Bruiser Means Business
Bruiser sits on top of a desk. Chris enters the room and Bruiser jumps off of the desk and runs to bite Chris's leg. Trainers placed the Boston Terrier on its mark and signaled it to "come" from off-camera. A trainer held a toy behind the pants leg of the actor and the dog ran over to grab it, simulating the leg bite.
A woman sits in a crowd holding Bruiser in her lap. A trainer handed the dog to the actress, who held it throughout the scene.
Later, Bruiser trots down some stairs and barks at a hole in the wall. A spider reaches out and grabs the now whimpering dog, pulling it back inside the wall. A trainer placed the dog on its mark and cued it to come down the stairs and bark. Another trainer hid inside of the fake hole in the wall and cued more barking from the dog. Treats were placed around the hole to prompt the curious canine to sniff the area.

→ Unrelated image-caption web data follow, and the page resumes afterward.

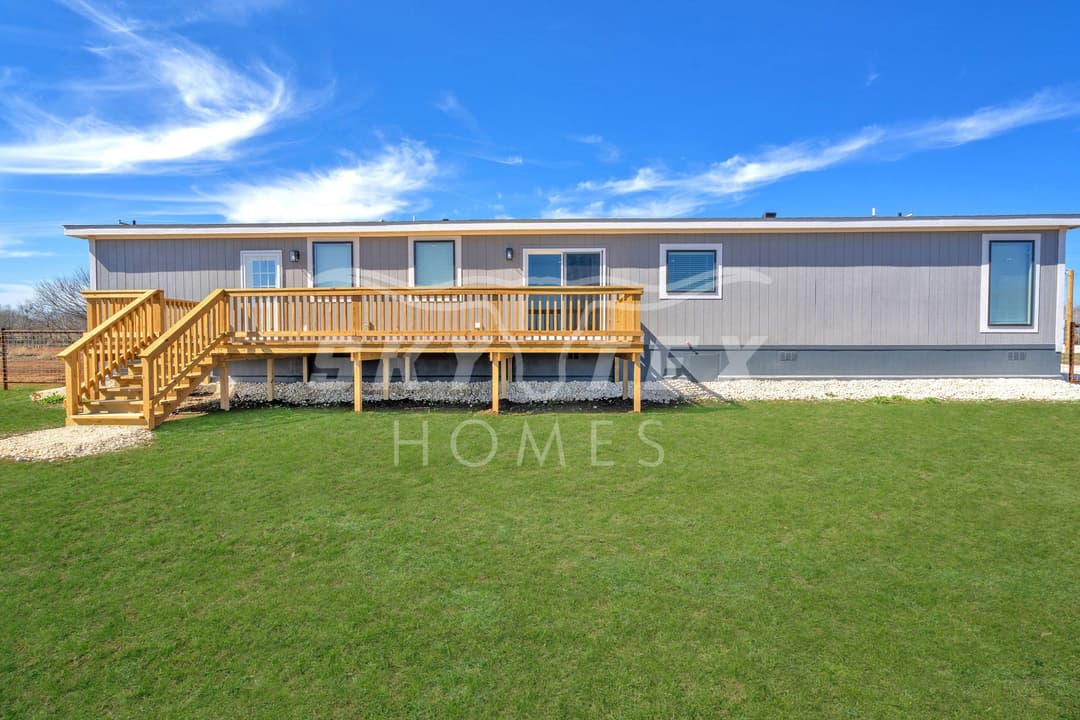 2633 fm 1332, jourdanton - 3.5 acres - pending exterior home features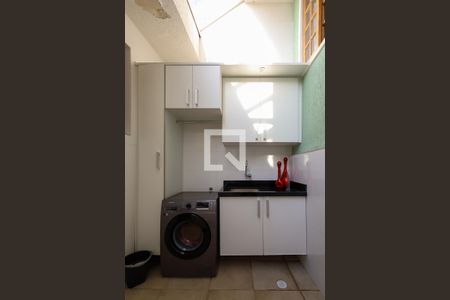 Casa à venda com 198m², 3 quartos e 2 vagasÁrea de Serviço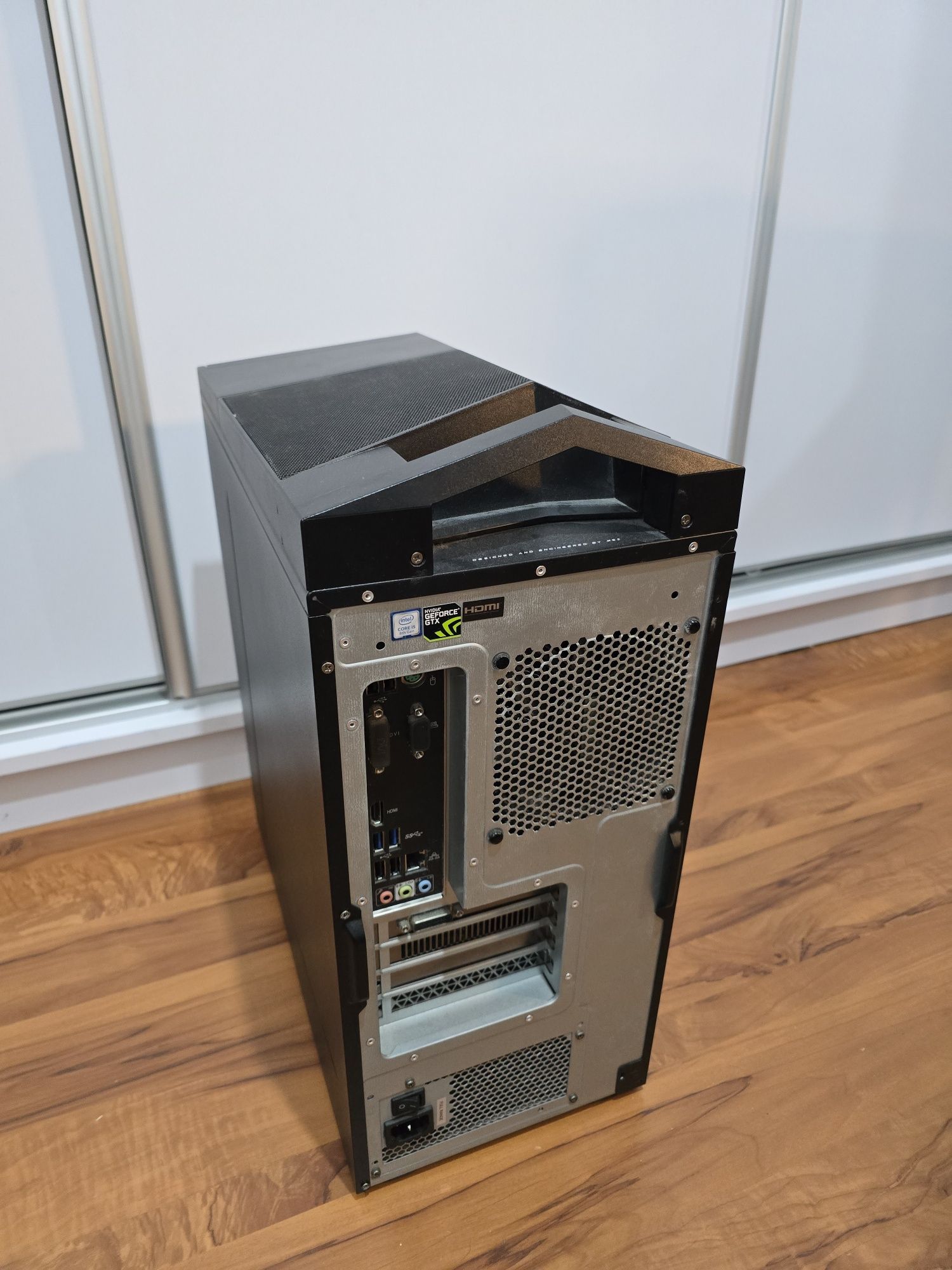 Komputer MSI Infinite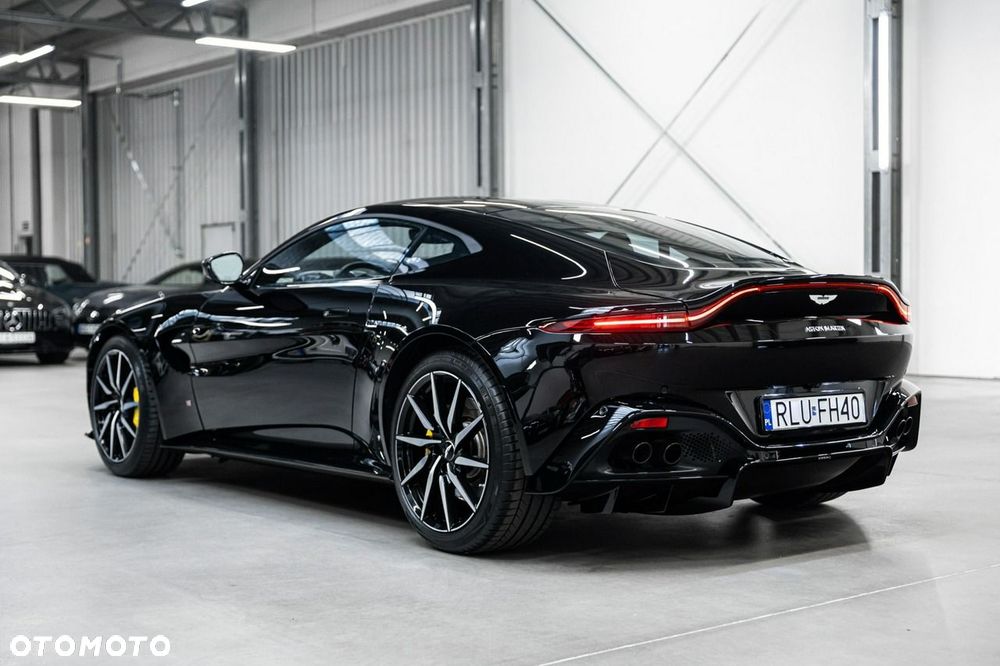 Aston Martin Vantage - 9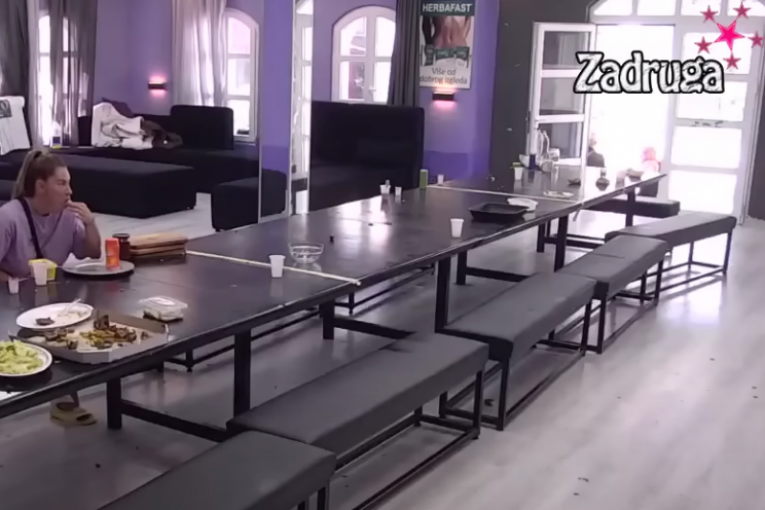 Ana posmatra Maju u kupaćem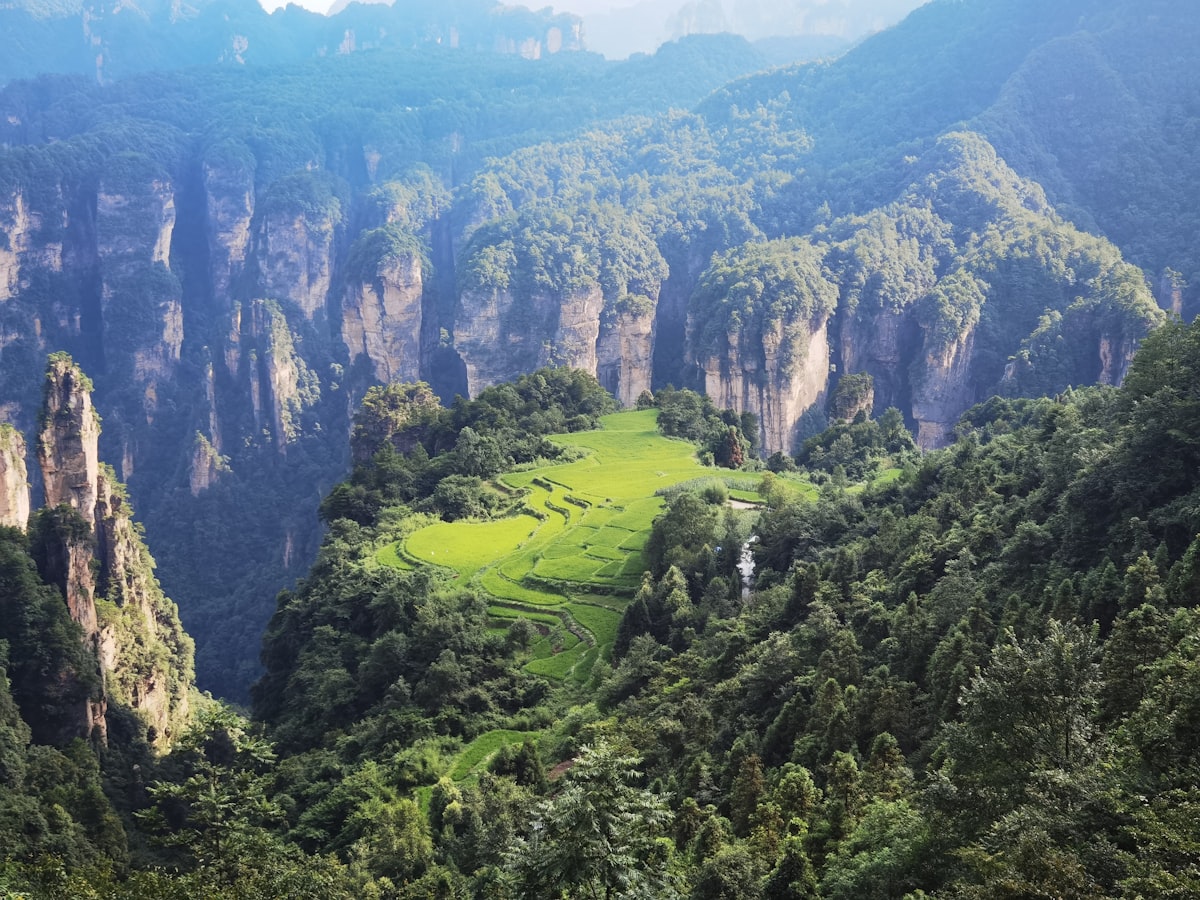 青山峡谷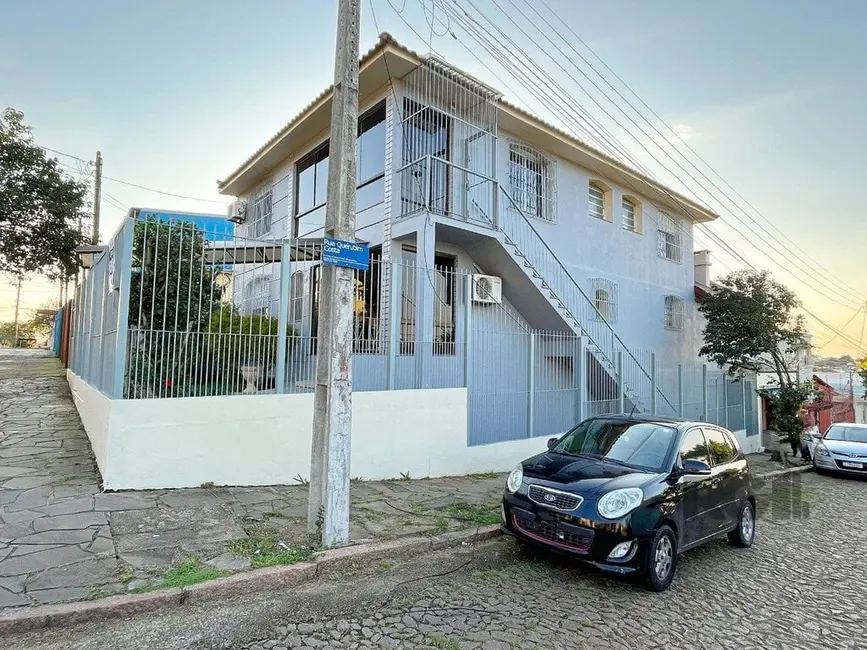 Casa com 3 quartos à venda, 360m2 em Glória, Porto Alegre - RS - imagem 4 Foto 4 de Casa com 3 quartos à venda, 360m2 em Glória, Porto Alegre - RS
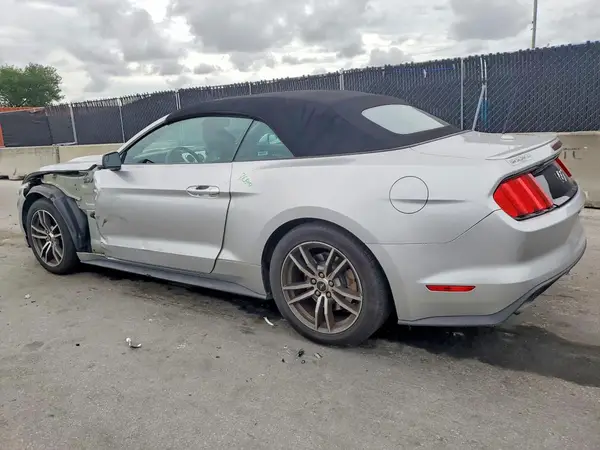 1FATP8UH3H5267449 2017 FORD MUSTANG - Image 2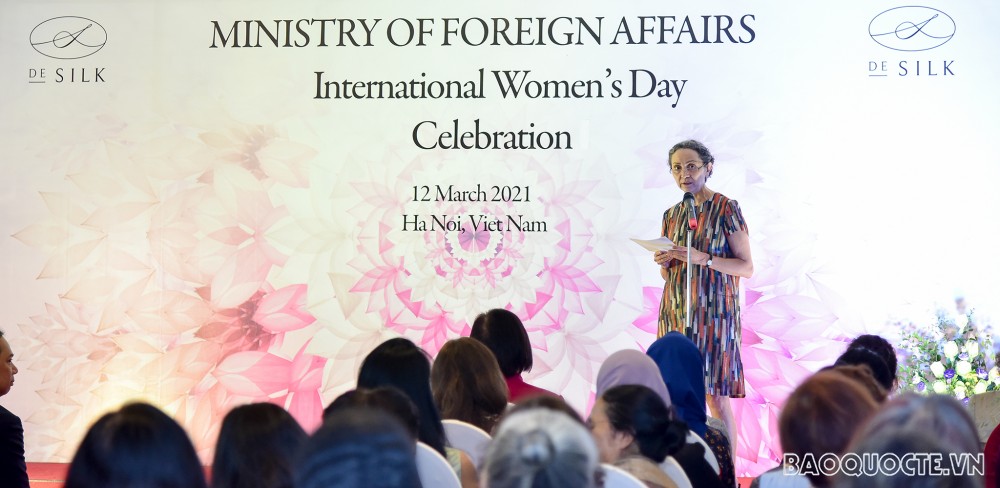 Các nhà ngoại giao nữ gặp mặt kỷ niệm Ngày Quốc tế Phụ nữ 8/3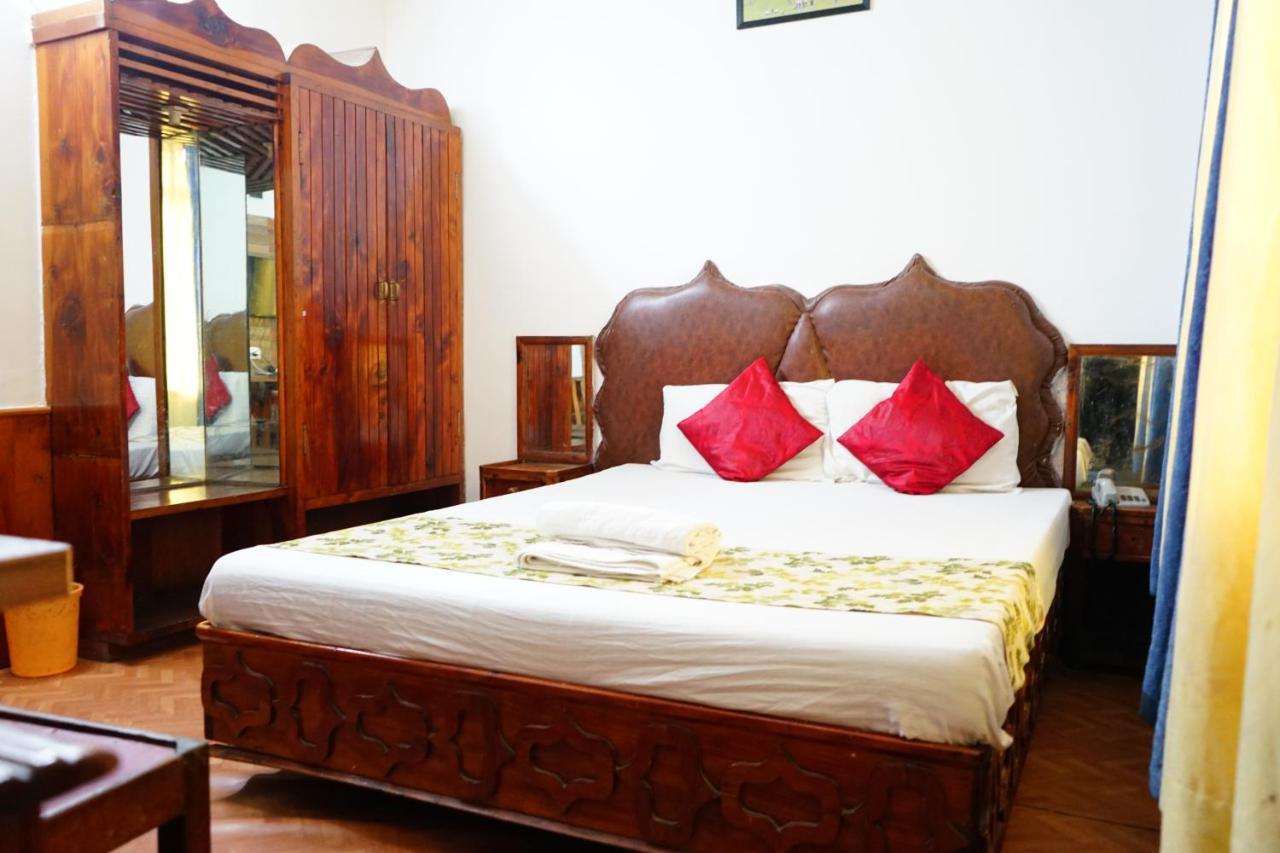 Hotel Magnolia Mallroad Manali Exterior photo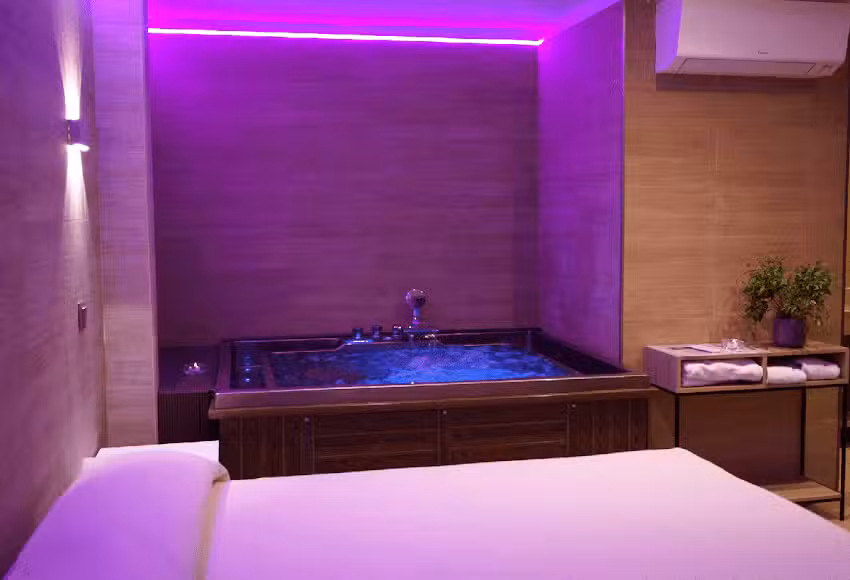 ️HABITACIONES CON JACUZZI (BAÑERA DE HIDROMASAJE)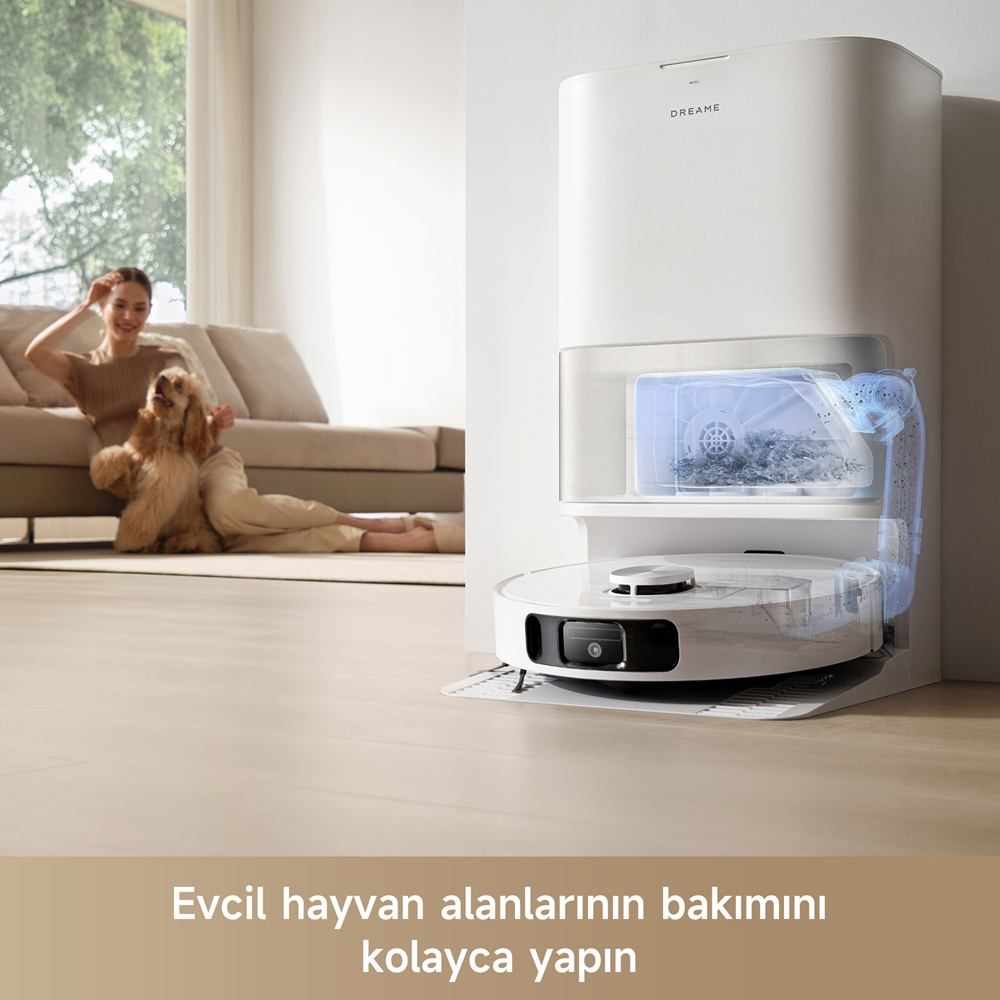 Robot süpürge, yerleştirme istasyonu, bir kadın ve bir köpek bir odada.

The dog being pulled into the wall and the whimpering were both special effects.
Bunny's Close Call
During the opening credits, a bunny hops over to the side of the road and sits. Suddenly a truck barrels down the highway, narrowly missing the bunny. Two cottontail rabbits shared the role of the scared bunny in this scene. Trainers placed a gentle harness on the rabbit and held onto it with an attached cable from off-camera. The road was cleared of all traffic while the bunnies worked. The rabbits were filmed sitting on the road as a light was shined on them as if from a truck. When the real truck barreled down the road, a fake rabbit took the place of the live animal.
The Film and TV Unit of the American Humane Association (AHA) monitored the action sequences involving animals. The AHA has sole authority, through a contract with the Screen Actors Guild, to protect animals used in film and television.
Inspectors reviewed the script and action scenes before and during filming to ensure that animals were not harmed or mistreated and that AHA Guidelines for the Safe Use of Animals in Filmed Media were upheld. They also monitor conditions in which animals were housed during production.